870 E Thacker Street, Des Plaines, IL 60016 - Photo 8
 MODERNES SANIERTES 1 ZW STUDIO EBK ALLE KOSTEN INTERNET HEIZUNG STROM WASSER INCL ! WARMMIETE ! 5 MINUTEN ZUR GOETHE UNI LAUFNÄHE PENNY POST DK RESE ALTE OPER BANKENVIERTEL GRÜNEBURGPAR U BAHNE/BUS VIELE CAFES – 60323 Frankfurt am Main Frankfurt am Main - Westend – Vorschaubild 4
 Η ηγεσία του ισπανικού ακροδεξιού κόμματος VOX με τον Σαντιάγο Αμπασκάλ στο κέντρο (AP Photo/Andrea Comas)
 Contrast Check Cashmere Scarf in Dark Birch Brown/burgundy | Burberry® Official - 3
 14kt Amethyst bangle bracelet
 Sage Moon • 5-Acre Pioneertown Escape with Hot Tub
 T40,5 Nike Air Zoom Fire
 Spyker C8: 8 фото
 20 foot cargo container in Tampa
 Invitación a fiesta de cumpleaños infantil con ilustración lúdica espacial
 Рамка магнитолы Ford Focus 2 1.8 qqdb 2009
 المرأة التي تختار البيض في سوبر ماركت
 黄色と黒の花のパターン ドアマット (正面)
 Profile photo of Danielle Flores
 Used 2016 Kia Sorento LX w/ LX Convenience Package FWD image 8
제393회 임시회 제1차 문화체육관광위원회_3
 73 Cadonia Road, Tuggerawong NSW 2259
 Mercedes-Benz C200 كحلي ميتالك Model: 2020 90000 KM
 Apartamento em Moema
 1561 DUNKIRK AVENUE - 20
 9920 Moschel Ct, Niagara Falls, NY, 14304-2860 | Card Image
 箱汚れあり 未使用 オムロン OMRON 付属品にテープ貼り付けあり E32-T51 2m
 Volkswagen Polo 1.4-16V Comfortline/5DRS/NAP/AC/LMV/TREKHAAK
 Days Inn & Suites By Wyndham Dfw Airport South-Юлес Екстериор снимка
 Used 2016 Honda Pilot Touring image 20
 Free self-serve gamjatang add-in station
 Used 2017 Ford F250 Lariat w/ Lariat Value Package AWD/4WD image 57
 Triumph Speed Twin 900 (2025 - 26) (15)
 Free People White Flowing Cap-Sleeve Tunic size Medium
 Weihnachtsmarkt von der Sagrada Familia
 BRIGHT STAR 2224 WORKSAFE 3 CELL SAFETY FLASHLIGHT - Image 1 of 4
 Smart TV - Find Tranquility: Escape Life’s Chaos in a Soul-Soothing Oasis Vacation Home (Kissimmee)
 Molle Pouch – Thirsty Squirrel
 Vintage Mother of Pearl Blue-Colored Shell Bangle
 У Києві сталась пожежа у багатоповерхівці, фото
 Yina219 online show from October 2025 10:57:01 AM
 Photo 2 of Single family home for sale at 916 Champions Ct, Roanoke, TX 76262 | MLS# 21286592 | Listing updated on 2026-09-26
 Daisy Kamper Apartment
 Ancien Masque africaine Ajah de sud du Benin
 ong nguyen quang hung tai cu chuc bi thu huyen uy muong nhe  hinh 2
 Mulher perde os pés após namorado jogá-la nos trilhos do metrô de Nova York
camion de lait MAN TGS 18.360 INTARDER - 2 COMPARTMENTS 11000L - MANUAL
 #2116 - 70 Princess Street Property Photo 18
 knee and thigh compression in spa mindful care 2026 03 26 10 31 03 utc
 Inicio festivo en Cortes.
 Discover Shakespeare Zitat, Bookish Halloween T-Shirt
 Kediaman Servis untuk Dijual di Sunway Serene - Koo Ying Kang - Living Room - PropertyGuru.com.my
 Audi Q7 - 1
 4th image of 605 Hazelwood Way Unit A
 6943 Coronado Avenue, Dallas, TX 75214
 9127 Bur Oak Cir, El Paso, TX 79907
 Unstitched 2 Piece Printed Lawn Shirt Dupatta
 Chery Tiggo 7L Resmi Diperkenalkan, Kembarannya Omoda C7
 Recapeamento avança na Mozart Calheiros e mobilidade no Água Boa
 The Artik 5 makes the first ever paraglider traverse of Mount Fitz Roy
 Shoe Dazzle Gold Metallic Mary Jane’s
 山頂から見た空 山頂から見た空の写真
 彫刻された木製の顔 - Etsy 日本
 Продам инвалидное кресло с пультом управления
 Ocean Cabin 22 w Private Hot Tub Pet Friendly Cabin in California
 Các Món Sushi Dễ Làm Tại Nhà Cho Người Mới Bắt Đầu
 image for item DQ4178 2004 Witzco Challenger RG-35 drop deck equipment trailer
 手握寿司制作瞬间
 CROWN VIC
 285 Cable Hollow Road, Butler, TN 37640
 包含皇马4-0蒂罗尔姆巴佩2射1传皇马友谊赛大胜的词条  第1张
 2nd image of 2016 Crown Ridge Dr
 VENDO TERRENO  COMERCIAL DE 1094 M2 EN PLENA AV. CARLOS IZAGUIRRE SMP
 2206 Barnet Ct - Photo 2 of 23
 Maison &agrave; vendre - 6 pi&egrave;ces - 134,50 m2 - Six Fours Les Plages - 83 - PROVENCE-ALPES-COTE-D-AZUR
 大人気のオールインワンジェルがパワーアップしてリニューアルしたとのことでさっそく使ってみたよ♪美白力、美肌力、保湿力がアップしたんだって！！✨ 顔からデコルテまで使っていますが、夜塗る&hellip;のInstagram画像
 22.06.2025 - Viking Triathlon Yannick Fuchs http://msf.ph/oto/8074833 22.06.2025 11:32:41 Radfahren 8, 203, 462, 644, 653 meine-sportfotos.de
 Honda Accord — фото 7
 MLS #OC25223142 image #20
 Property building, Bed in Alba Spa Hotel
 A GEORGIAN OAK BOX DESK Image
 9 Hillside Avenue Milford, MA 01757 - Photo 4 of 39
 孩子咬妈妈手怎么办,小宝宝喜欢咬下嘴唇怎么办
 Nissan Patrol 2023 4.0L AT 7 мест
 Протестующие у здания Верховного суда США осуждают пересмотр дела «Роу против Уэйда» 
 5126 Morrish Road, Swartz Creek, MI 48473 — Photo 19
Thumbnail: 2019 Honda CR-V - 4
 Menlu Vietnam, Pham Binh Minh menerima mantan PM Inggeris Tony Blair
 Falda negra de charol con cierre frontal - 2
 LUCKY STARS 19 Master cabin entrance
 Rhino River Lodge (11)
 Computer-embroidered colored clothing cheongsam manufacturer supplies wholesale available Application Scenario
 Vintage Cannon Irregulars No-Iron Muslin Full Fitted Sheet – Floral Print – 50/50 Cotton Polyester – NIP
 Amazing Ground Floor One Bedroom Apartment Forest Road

▸ Task statement: The response must reproduce the whole listing exactly.

▸ Exercise solution:
870 E Thacker Street, Des Plaines, IL 60016 - Photo 8
 MODERNES SANIERTES 1 ZW STUDIO EBK ALLE KOSTEN INTERNET HEIZUNG STROM WASSER INCL ! WARMMIETE ! 5 MINUTEN ZUR GOETHE UNI LAUFNÄHE PENNY POST DK RESE ALTE OPER BANKENVIERTEL GRÜNEBURGPAR U BAHNE/BUS VIELE CAFES – 60323 Frankfurt am Main Frankfurt am Main - Westend – Vorschaubild 4
 Η ηγεσία του ισπανικού ακροδεξιού κόμματος VOX με τον Σαντιάγο Αμπασκάλ στο κέντρο (AP Photo/Andrea Comas)
 Contrast Check Cashmere Scarf in Dark Birch Brown/burgundy | Burberry® Official - 3
 14kt Amethyst bangle bracelet
 Sage Moon • 5-Acre Pioneertown Escape with Hot Tub
 T40,5 Nike Air Zoom Fire
 Spyker C8: 8 фото
 20 foot cargo container in Tampa
 Invitación a fiesta de cumpleaños infantil con ilustración lúdica espacial
 Рамка магнитолы Ford Focus 2 1.8 qqdb 2009
 المرأة التي تختار البيض في سوبر ماركت
 黄色と黒の花のパターン ドアマット (正面)
 Profile photo of Danielle Flores
 Used 2016 Kia Sorento LX w/ LX Convenience Package FWD image 8
제393회 임시회 제1차 문화체육관광위원회_3
 73 Cadonia Road, Tuggerawong NSW 2259
 Mercedes-Benz C200 كحلي ميتالك Model: 2020 90000 KM
 Apartamento em Moema
 1561 DUNKIRK AVENUE - 20
 9920 Moschel Ct, Niagara Falls, NY, 14304-2860 | Card Image
 箱汚れあり 未使用 オムロン OMRON 付属品にテープ貼り付けあり E32-T51 2m
 Volkswagen Polo 1.4-16V Comfortline/5DRS/NAP/AC/LMV/TREKHAAK
 Days Inn & Suites By Wyndham Dfw Airport South-Юлес Екстериор снимка
 Used 2016 Honda Pilot Touring image 20
 Free self-serve gamjatang add-in station
 Used 2017 Ford F250 Lariat w/ Lariat Value Package AWD/4WD image 57
 Triumph Speed Twin 900 (2025 - 26) (15)
 Free People White Flowing Cap-Sleeve Tunic size Medium
 Weihnachtsmarkt von der Sagrada Familia
 BRIGHT STAR 2224 WORKSAFE 3 CELL SAFETY FLASHLIGHT - Image 1 of 4
 Smart TV - Find Tranquility: Escape Life’s Chaos in a Soul-Soothing Oasis Vacation Home (Kissimmee)
 Molle Pouch – Thirsty Squirrel
 Vintage Mother of Pearl Blue-Colored Shell Bangle
 У Києві сталась пожежа у багатоповерхівці, фото
 Yina219 online show from October 2025 10:57:01 AM
 Photo 2 of Single family home for sale at 916 Champions Ct, Roanoke, TX 76262 | MLS# 21286592 | Listing updated on 2026-09-26
 Daisy Kamper Apartment
 Ancien Masque africaine Ajah de sud du Benin
 ong nguyen quang hung tai cu chuc bi thu huyen uy muong nhe  hinh 2
 Mulher perde os pés após namorado jogá-la nos trilhos do metrô de Nova York
camion de lait MAN TGS 18.360 INTARDER - 2 COMPARTMENTS 11000L - MANUAL
 #2116 - 70 Princess Street Property Photo 18
 knee and thigh compression in spa mindful care 2026 03 26 10 31 03 utc
 Inicio festivo en Cortes.
 Discover Shakespeare Zitat, Bookish Halloween T-Shirt
 Kediaman Servis untuk Dijual di Sunway Serene - Koo Ying Kang - Living Room - PropertyGuru.com.my
 Audi Q7 - 1
 4th image of 605 Hazelwood Way Unit A
 6943 Coronado Avenue, Dallas, TX 75214
 9127 Bur Oak Cir, El Paso, TX 79907
 Unstitched 2 Piece Printed Lawn Shirt Dupatta
 Chery Tiggo 7L Resmi Diperkenalkan, Kembarannya Omoda C7
 Recapeamento avança na Mozart Calheiros e mobilidade no Água Boa
 The Artik 5 makes the first ever paraglider traverse of Mount Fitz Roy
 Shoe Dazzle Gold Metallic Mary Jane’s
 山頂から見た空 山頂から見た空の写真
 彫刻された木製の顔 - Etsy 日本
 Продам инвалидное кресло с пультом управления
 Ocean Cabin 22 w Private Hot Tub Pet Friendly Cabin in California
 Các Món Sushi Dễ Làm Tại Nhà Cho Người Mới Bắt Đầu
 image for item DQ4178 2004 Witzco Challenger RG-35 drop deck equipment trailer
 手握寿司制作瞬间
 CROWN VIC
 285 Cable Hollow Road, Butler, TN 37640
 包含皇马4-0蒂罗尔姆巴佩2射1传皇马友谊赛大胜的词条  第1张
 2nd image of 2016 Crown Ridge Dr
 VENDO TERRENO  COMERCIAL DE 1094 M2 EN PLENA AV. CARLOS IZAGUIRRE SMP
 2206 Barnet Ct - Photo 2 of 23
 Maison &agrave; vendre - 6 pi&egrave;ces - 134,50 m2 - Six Fours Les Plages - 83 - PROVENCE-ALPES-COTE-D-AZUR
 大人気のオールインワンジェルがパワーアップしてリニューアルしたとのことでさっそく使ってみたよ♪美白力、美肌力、保湿力がアップしたんだって！！✨ 顔からデコルテまで使っていますが、夜塗る&hellip;のInstagram画像
 22.06.2025 - Viking Triathlon Yannick Fuchs http://msf.ph/oto/8074833 22.06.2025 11:32:41 Radfahren 8, 203, 462, 644, 653 meine-sportfotos.de
 Honda Accord — фото 7
 MLS #OC25223142 image #20
 Property building, Bed in Alba Spa Hotel
 A GEORGIAN OAK BOX DESK Image
 9 Hillside Avenue Milford, MA 01757 - Photo 4 of 39
 孩子咬妈妈手怎么办,小宝宝喜欢咬下嘴唇怎么办
 Nissan Patrol 2023 4.0L AT 7 мест
 Протестующие у здания Верховного суда США осуждают пересмотр дела «Роу против Уэйда» 
 5126 Morrish Road, Swartz Creek, MI 48473 — Photo 19
Thumbnail: 2019 Honda CR-V - 4
 Menlu Vietnam, Pham Binh Minh menerima mantan PM Inggeris Tony Blair
 Falda negra de charol con cierre frontal - 2
 LUCKY STARS 19 Master cabin entrance
 Rhino River Lodge (11)
 Computer-embroidered colored clothing cheongsam manufacturer supplies wholesale available Application Scenario
 Vintage Cannon Irregulars No-Iron Muslin Full Fitted Sheet – Floral Print – 50/50 Cotton Polyester – NIP
 Amazing Ground Floor One Bedroom Apartment Forest Road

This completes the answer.